Ya no quedaba ninguno de los familiares que se identificaban con fotos de sus hijos, hermanos, novias o amigos y amigas muertos cuando comenzaron los incidentes que terminaron con algunos policías contusos y algo más de una decena de detenidos. Pero más de una vez, cuando todavía la luz del atardecer se acostaba sobre Plaza de Mayo, hubo corridas y tironeos que daban cuenta de una tensión que lleva días de acumularse. “Yo no quiero salir más, loco, yo no quiero”, decía una chica abrazada a una remera celeste y blanca con la inscripción “Pipi x 100pre”, dando cuenta de ese lenguaje que abunda en los chats y los mensajes de texto. Los ojos clarísimos surcados por las arañas rojas de un llanto ininterrumpido brillaban mientras discutía con quienes la alentaban a integrar el círculo de familiares que se había formado frente al vallado que dividía la plaza y dejaba muy lejos la Casa Rosada. “Acá hay organismos de derechos humanos, tenés que ponerte al lado de ellos para que te protejan”, insistía otro joven tironeándola, a pesar de que ningún organismo se identificó como tal y fueron varios los que firmaron un comunicado aclarando por qué no participarían (ver aparte). La desconfianza de Carla, la de los ojos claros y ningún apellido, estaba anclada en los incidentes al principio de la marcha entre familiares y algunos partidos políticos de izquierda, que de todos modos marcharon sin identificaciones. Pero cada vez que una discusión amenazaba con convertirse en escenas de boxeo, el grito de Justicia funcionó como bálsamo y logró aglutinar a cerca de diez mil manifestantes, aunque las cifras oficiales sólo cuentan la mitad.
“Lucas Pérez, tu familia te ama”, decía, escrito con marcador, sobre la foto de un niño regordeto de 12 años.

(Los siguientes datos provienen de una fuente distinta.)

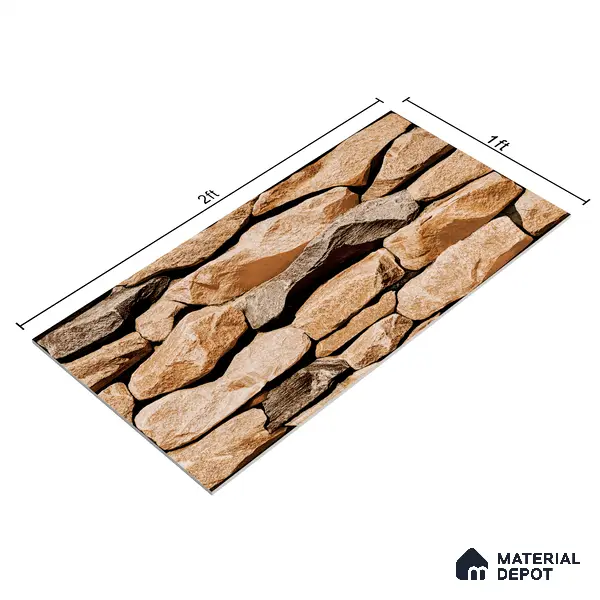 Elevation Wall Tile TL 00089 A Brown 2 ft x 1 ft Punch Matte Finish Vitrified Tile - 9 mm | Ideal For Modern Facades, Outdoor Cladding, Feature Wall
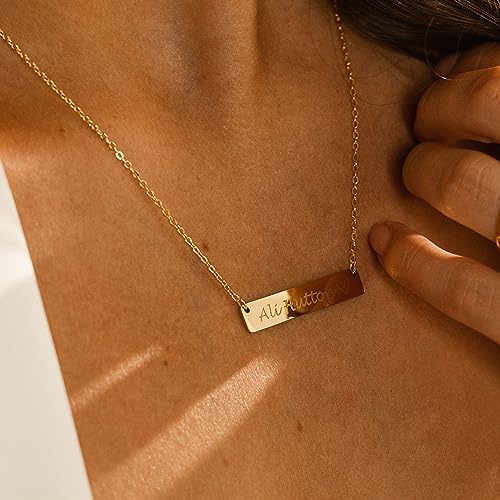 Petite Boutique Customizable Your Name Bar Necklace Personalized Mothers Day Gift Custom Jewelry 16K Plated Aniversary bridesmaid Gift for Women Gold Silver Rose Gold3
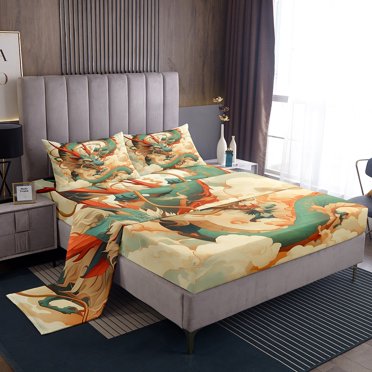 Oriental Dragon Ensemble de Draps Taille Simple Animal Magique, Ensemble de Draps Style Japonais Draps Faune Magique, Drap Plat Dragon Ancien de l'Est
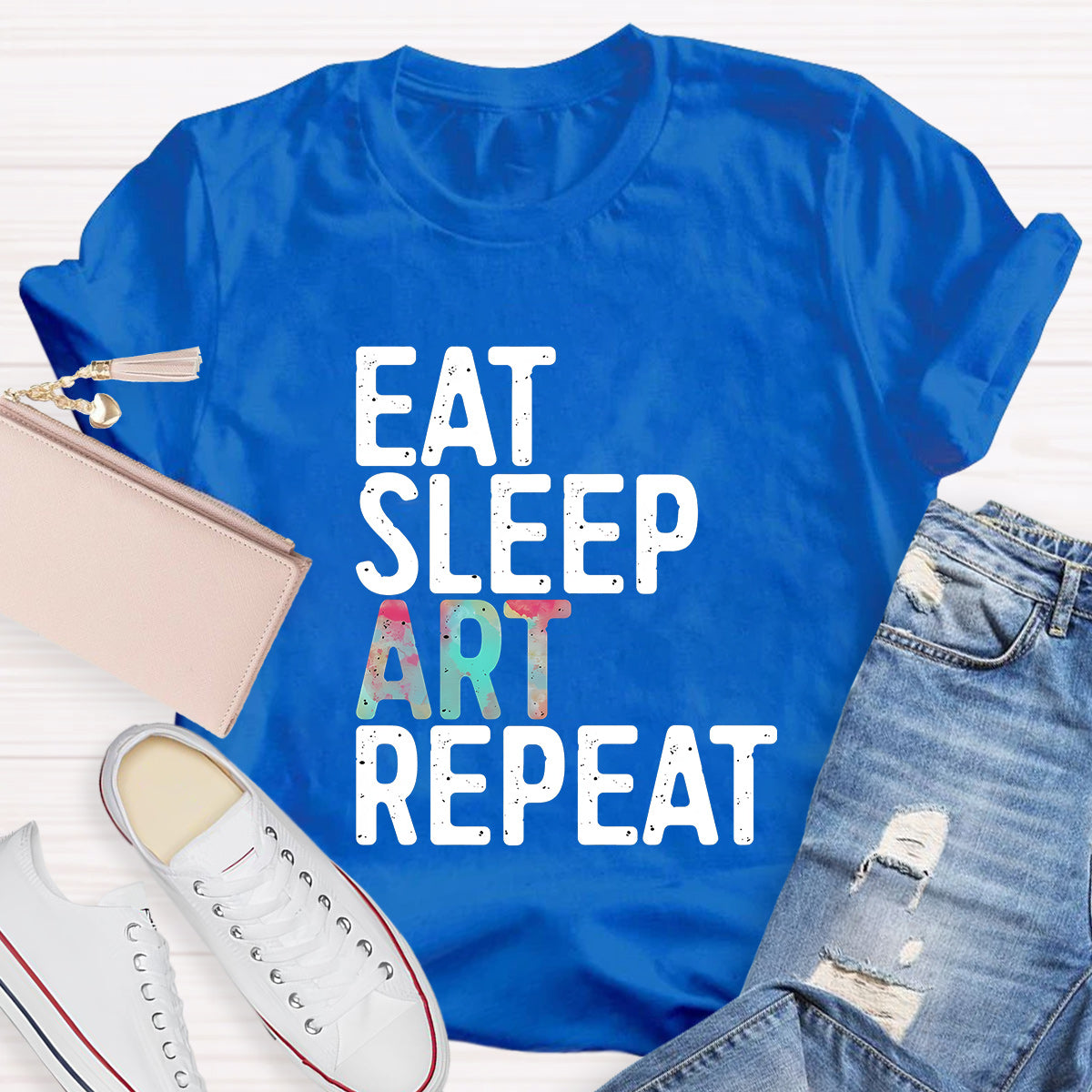 Eat Sleep Art Repeat  Teacher T-Shirt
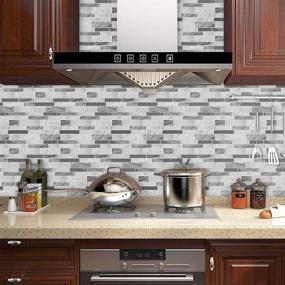 img 2 attached to 🔳 STICKGOO 10-Sheet Kitchen Backsplash Tiles, Peel and Stick, 12"x12", Thicker Design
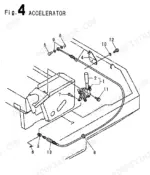 yanmar-b22-2b-crawler-backhoe-parts-catalog-000y00s3870-engine-parts-19.webp Yanmar B22-2B, 3TNE78A - B1 exploded view diagram of the accelerator lever, cable, and mounting hardware components.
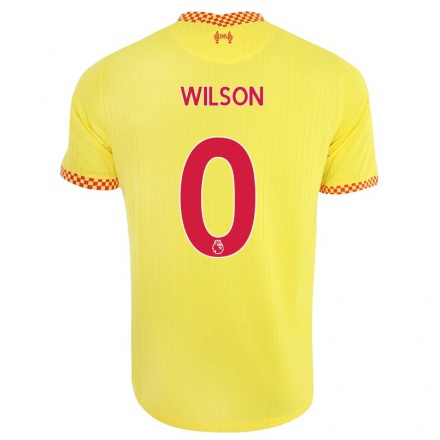 Kinder Fußball Sean Wilson #0 Gelb Ausweichtrikot Trikot 2021/22 T-shirt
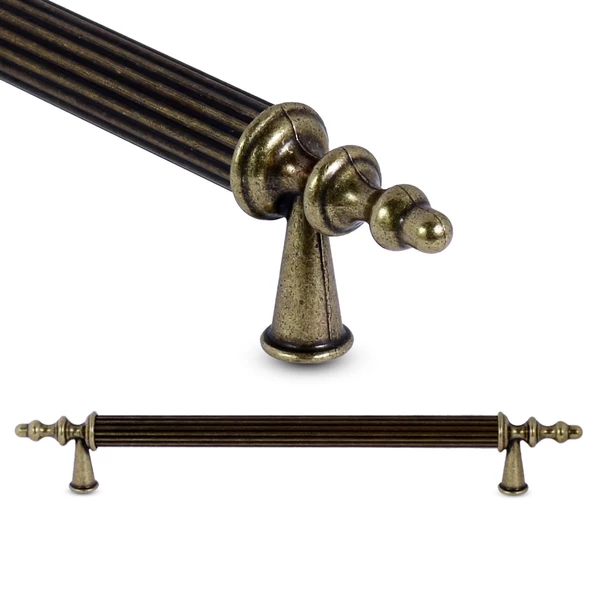 Ovacık Çekmece Dolap Kapak Kulpu Kulbu Lüks Metal Çizgili Kulp160 mm - Resim 11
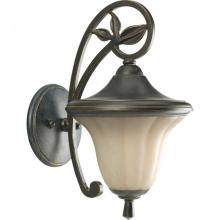  P5742-84 - One Light Espresso Weathered Sandstone Glass Wall Lantern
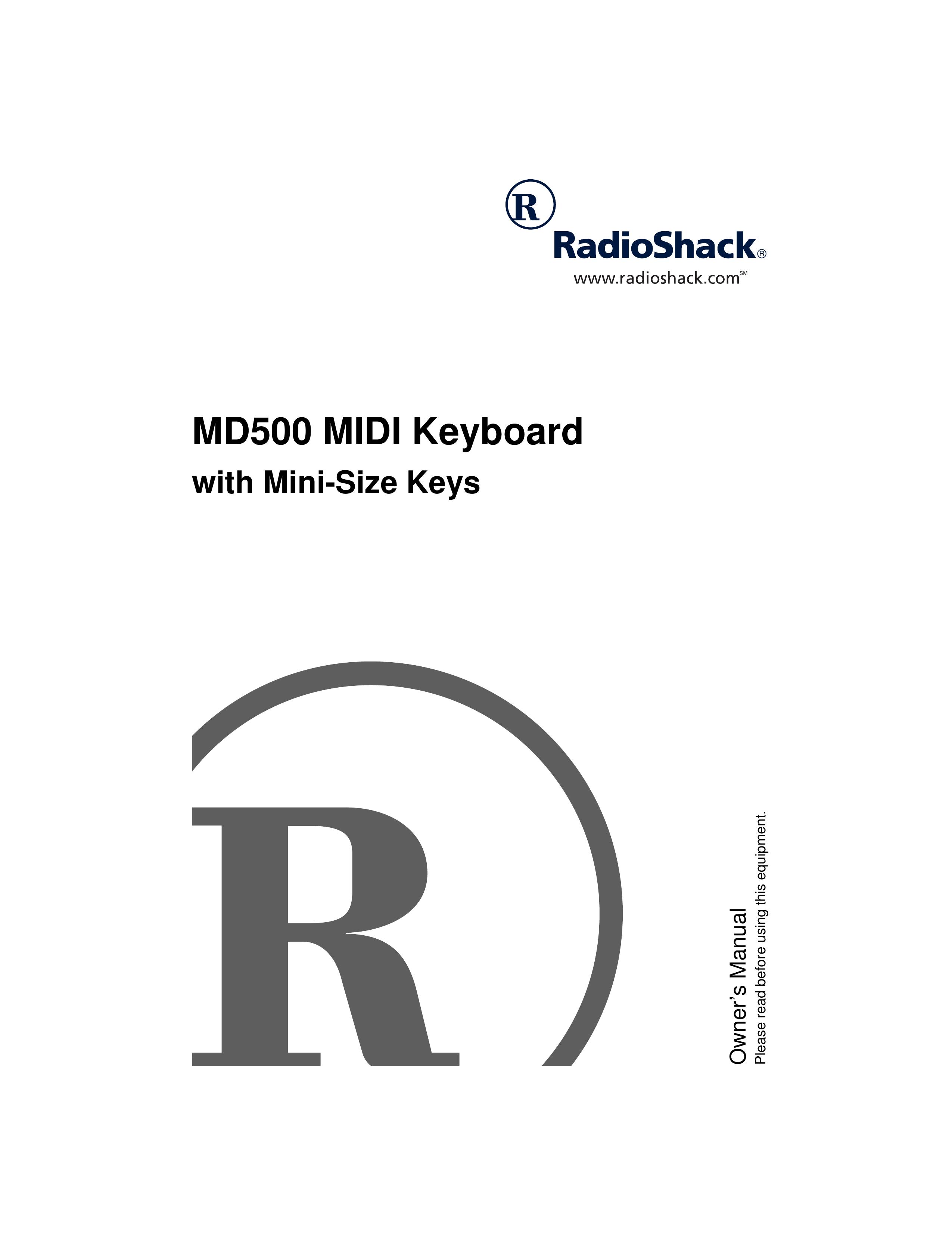 Radio Shack MIDI Keyboard Electronic Keyboard User Manual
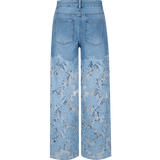 Broek pants Denim Mid Blue – Denim met wijde pijpen en gebloemd kant | Jo&Co Club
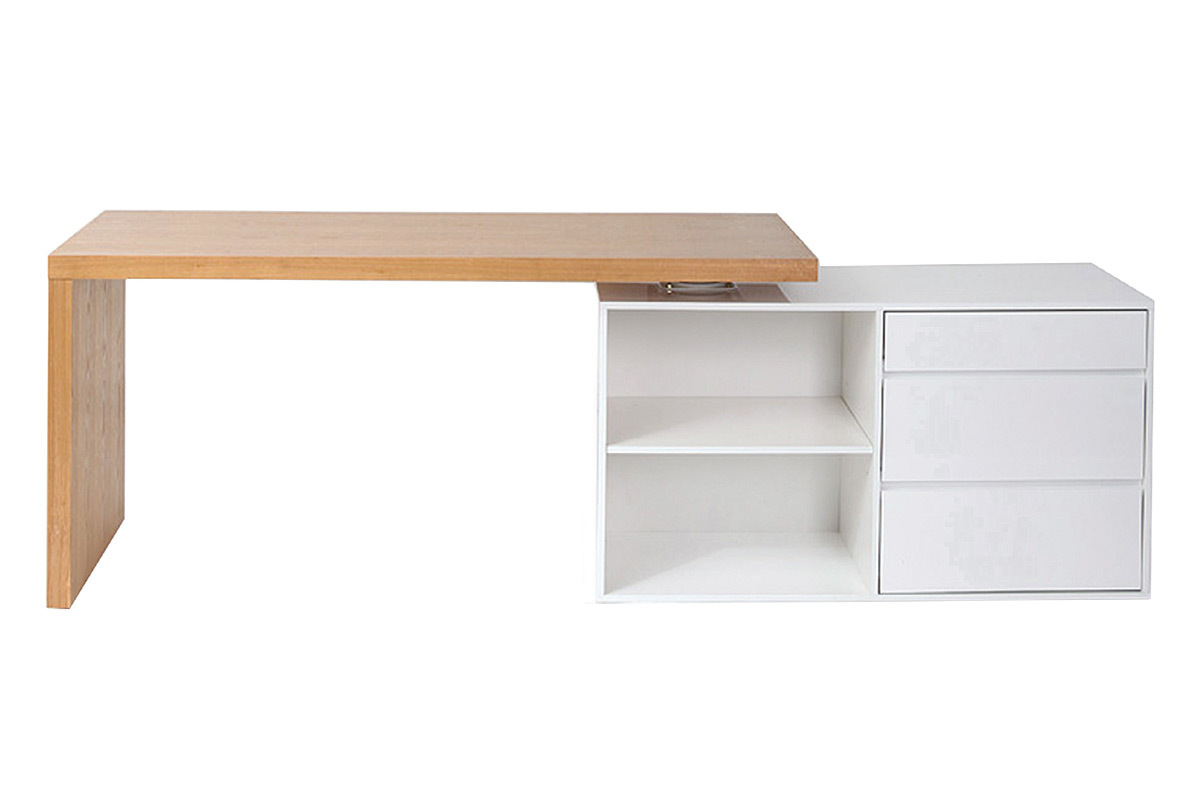 Bureau modulable design blanc brillant et bois clair frne L160-235 cm NEW MAX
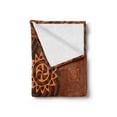 thumbnail image 2 of Earth Tones Soft Flannel Fleece Throw Blanket, Composition Floral Intricacy Folk Details, Cozy Plush for Indoor and Outdoor Use, 50" x 60", Brown Orange Peach, by Ambesonne, 2 of 5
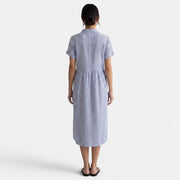 Casual Striped Loose Cotton Linen Dress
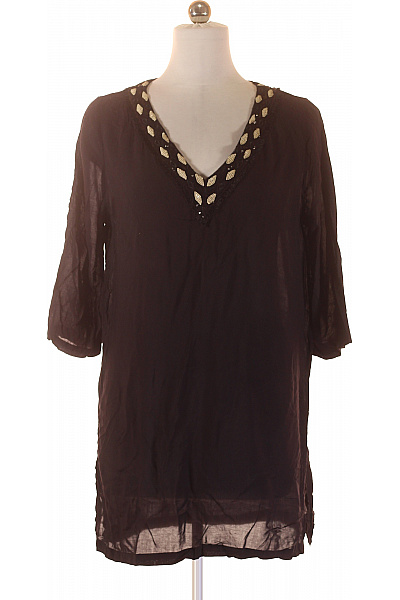 calzedonia Dámská tmavá tuniková halenka s výstřihem do V zdobená Vel. L | calzedonia | obrázek 2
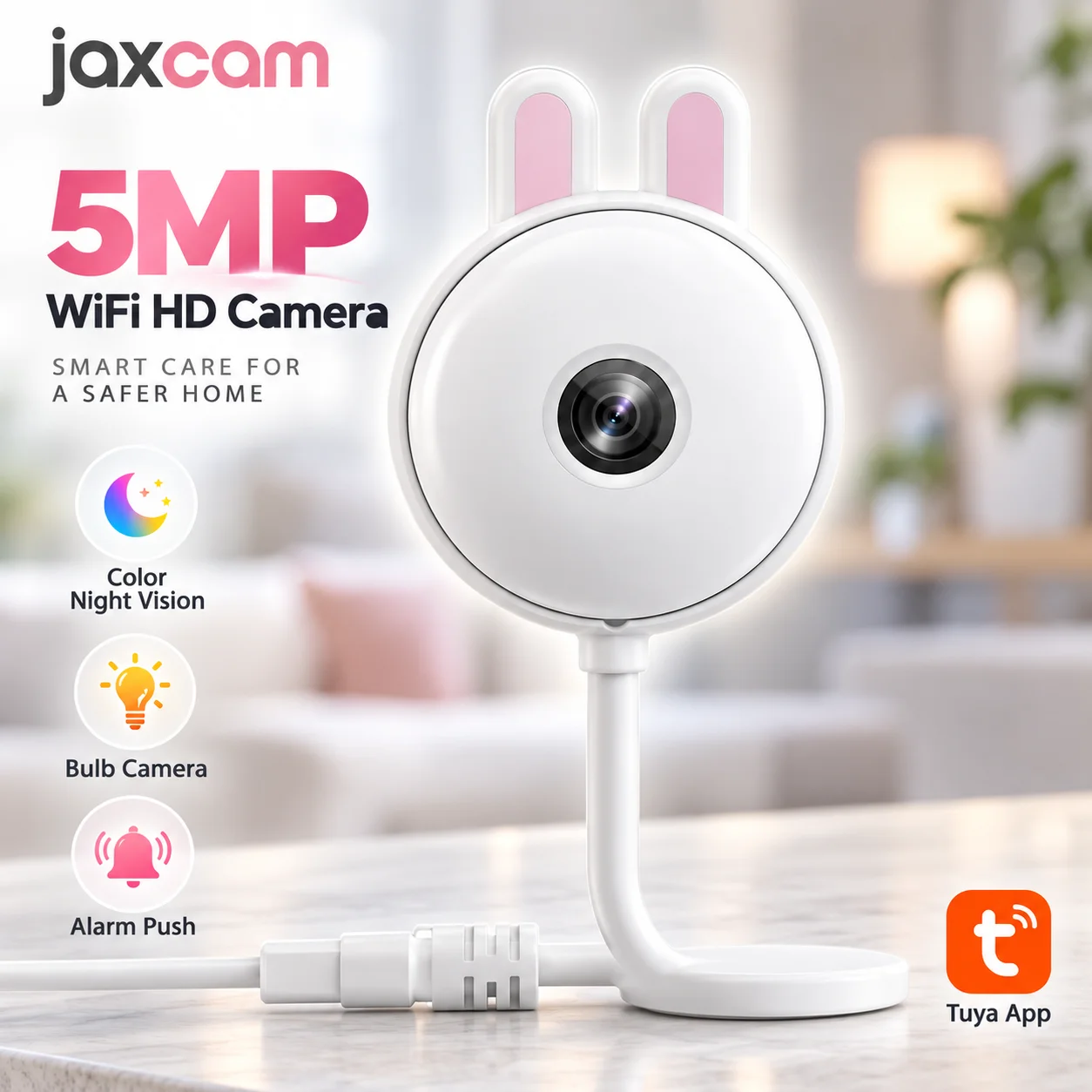 Tuya Mini WiFi Camera 2K Indoor Wireless USB Light Bulb Baby Monitor Home Security IP Camera Surveillance Auto Tracking Babe Cam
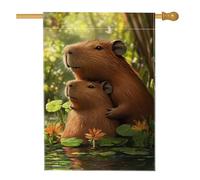 Capybara - Bandiera per la casa, realistica con ninfea, verde primaverile, marrone su entrambi i lati, grande bandiera da giardino per esterni, patio, prato, ingresso, campeggio, 71 x 101 cm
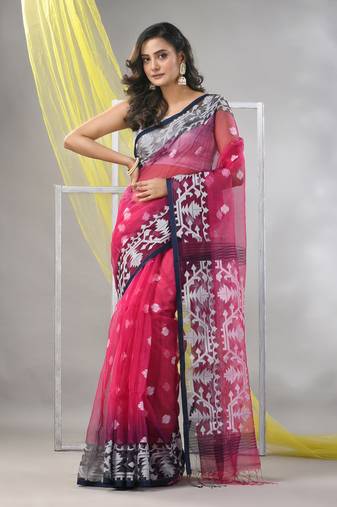 Fuchsia muslin saree with jamdani designs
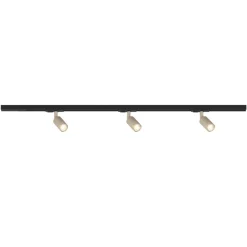 Illuminazione A Binario-Top Light Luci a binario 100cm nero con spot monofase sabbia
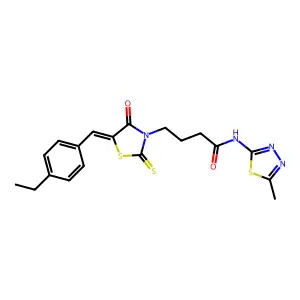 4-[(5Z)-5-(4-ethylbenzylidene)-4-oxo-2-thioxo-1,3-thiazolidin-3-yl]-N-(5-methyl-1,3,4-thiadiazol-2-yl)butanamide structure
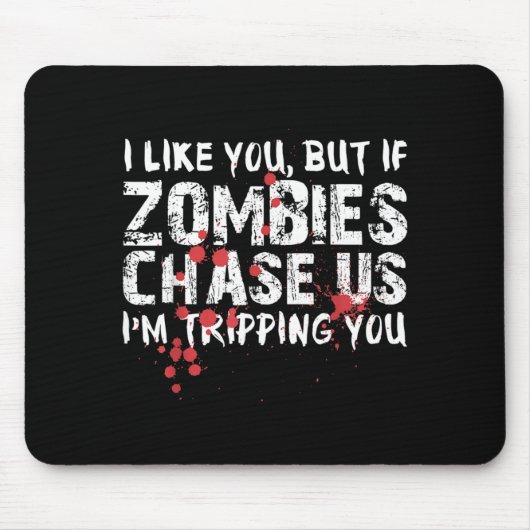 Lustiges Halloween-Shirt Zombie Köder Zombie Lusti Mousepad (Vorne)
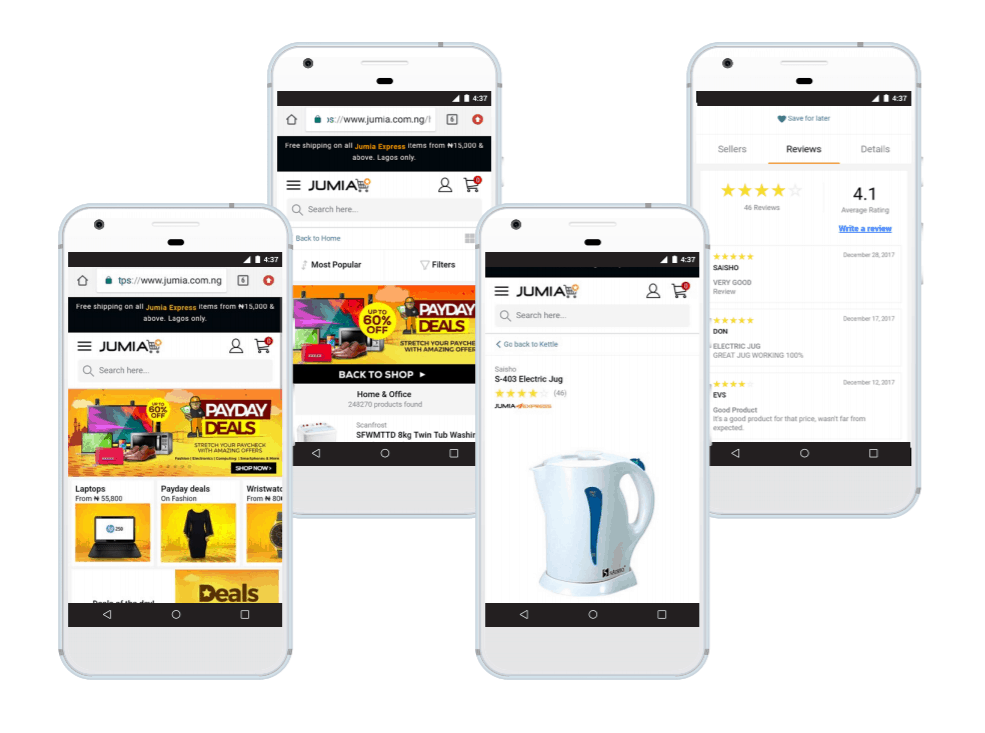 eCommerce PWA Website: Jumia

La sostenía un adolescente, su primo, que cuenta dos muertos en su familia y prefería no articular más palabras que las que había escrito. Llegó hasta la Plaza porque desde el jueves a la noche apenas puede despegarse de las inmediaciones del Once porque ese, dijo, es el lugar donde tiene que estar. A su lado, Liliana Cuella, mamá de Carina, sostiene una punta de la bandera argentina que empezó encabezando la marcha. Apenas puede hablar, su hija de 22 está en estado crítico pero ella está ahí para cumplir con un pedido de Carina: que no deje solos a los pibes. “Yo no sé si alcanza con la renuncia de (Aníbal) Ibarra, pero sé que eso es lo que pide el pueblo, lo que pide mi barrio y también lo que pido yo, porque si no hubiera corrupción esto no habría pasado”. La hermana de Marcelo Benítez, otro joven fallecido, está pidiendo lo mismo desde la camioneta con sonido que acercaron los familiares de los chicos muertos en el incendio de la disco Kheyvis, hace once años. “Los dejaron morir y después ni siquiera nos entregaron los cuerpos, todo mal hicieron”, dijo en referencia al gobierno de la ciudad y al empresario Omar Chabán, mientras sostenía una vela que se derretía en su mano. Fue entonces cuando otra corrida dirigió los pasos hacia la esquina de Diagonal Sur y Bolívar: un hombre de unos 60 años se había rociado con alcohol etílico y se había prendido fuego diciendo a quienes lo rodeaban “me voy con mi hija”. Más tarde, desde el SAME, se confirmó que el hombre no tenía familiares en la disco y sí varios intentos de suicidio.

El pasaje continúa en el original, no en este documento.